● **TASK GOAL**:
Write out all the records exactly, and keep any images out.

[RECORD EXTRACTS Boundary: Start]

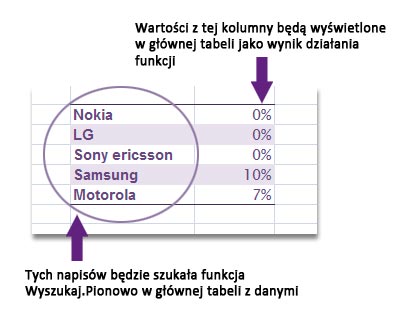 Funkcja wyszukaj pionowo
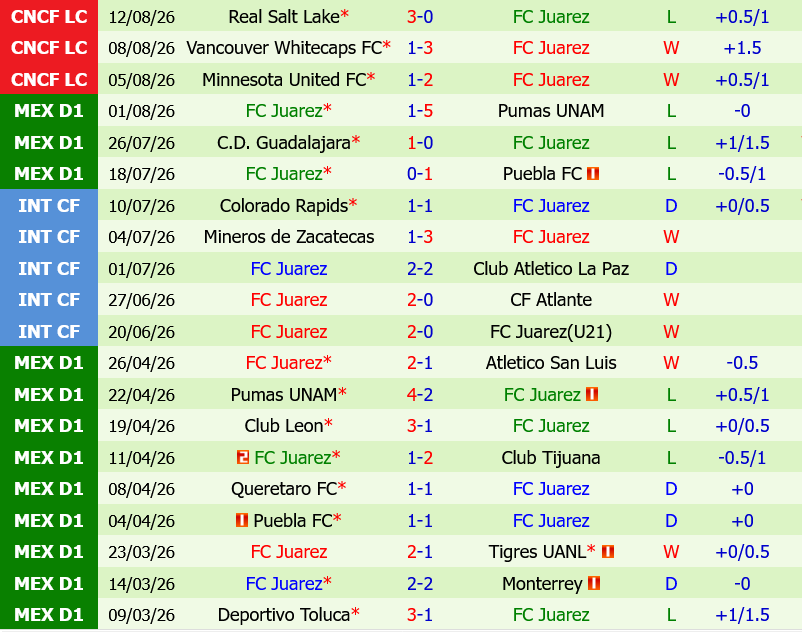 Monterrey vs Juarez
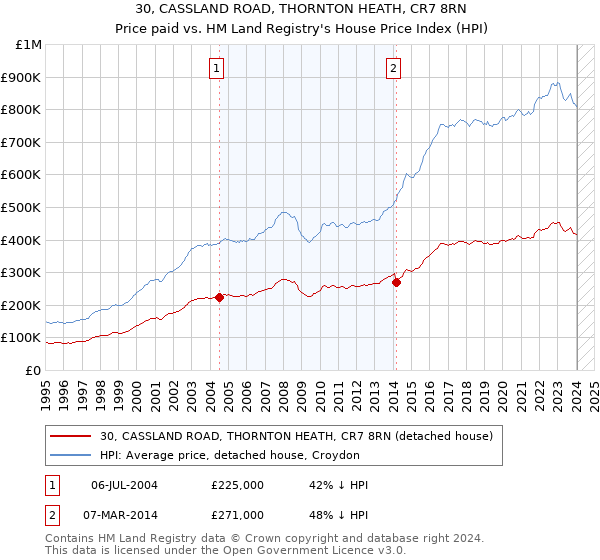 30, CASSLAND ROAD, THORNTON HEATH, CR7 8RN: Price paid vs HM Land Registry's House Price Index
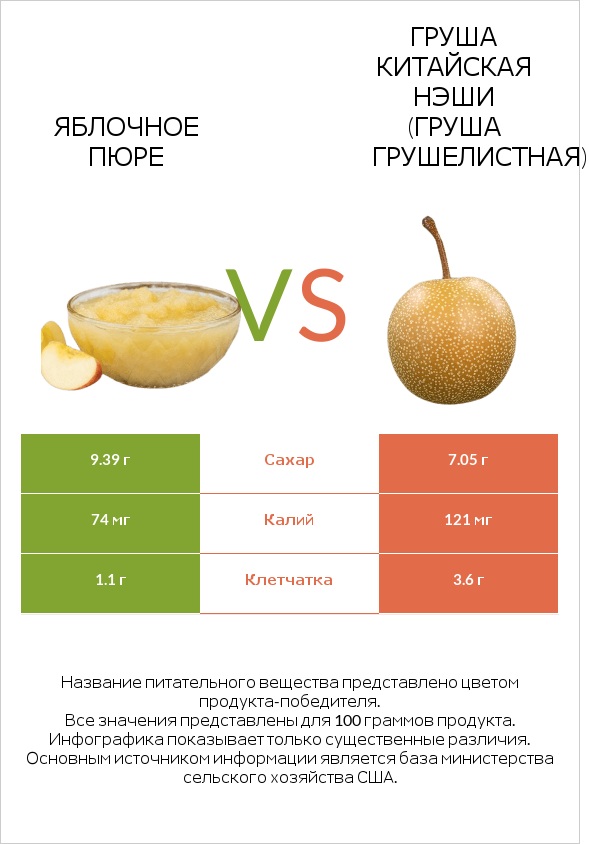 Яблочное пюре vs Груша китайская Нэши (груша Грушелистная) infographic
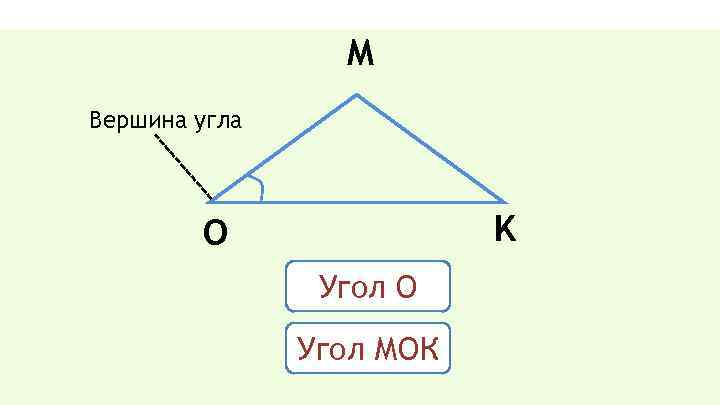 M Вершина угла K O Угол О Угол МОК 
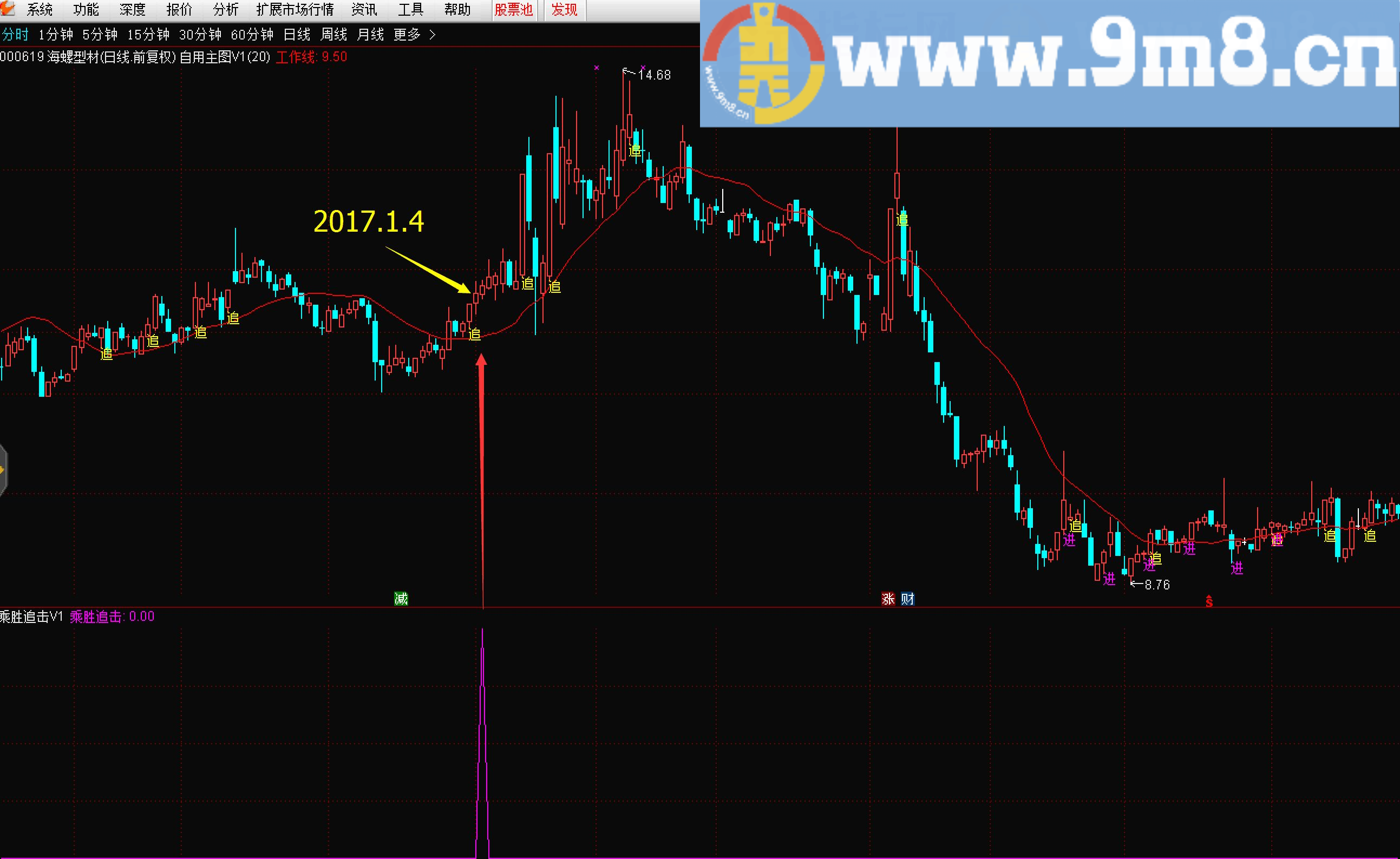 通达信乘胜追击副图/选股指标 贴图 加密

[RECORD EXTRACTS Boundary: End]

● **PROBLEM SOLUTION**:
 Funkcja wyszukaj pionowo
 Monterrey vs Juarez
 30, CASSLAND ROAD, THORNTON HEATH, CR7 8RN: Price paid vs HM Land Registry's House Price Index
 Яблочное пюре vs Груша китайская Нэши (груша Грушелистная) infographic
 M Вершина угла K O Угол О Угол МОК 
 通达信乘胜追击副图/选股指标 贴图 加密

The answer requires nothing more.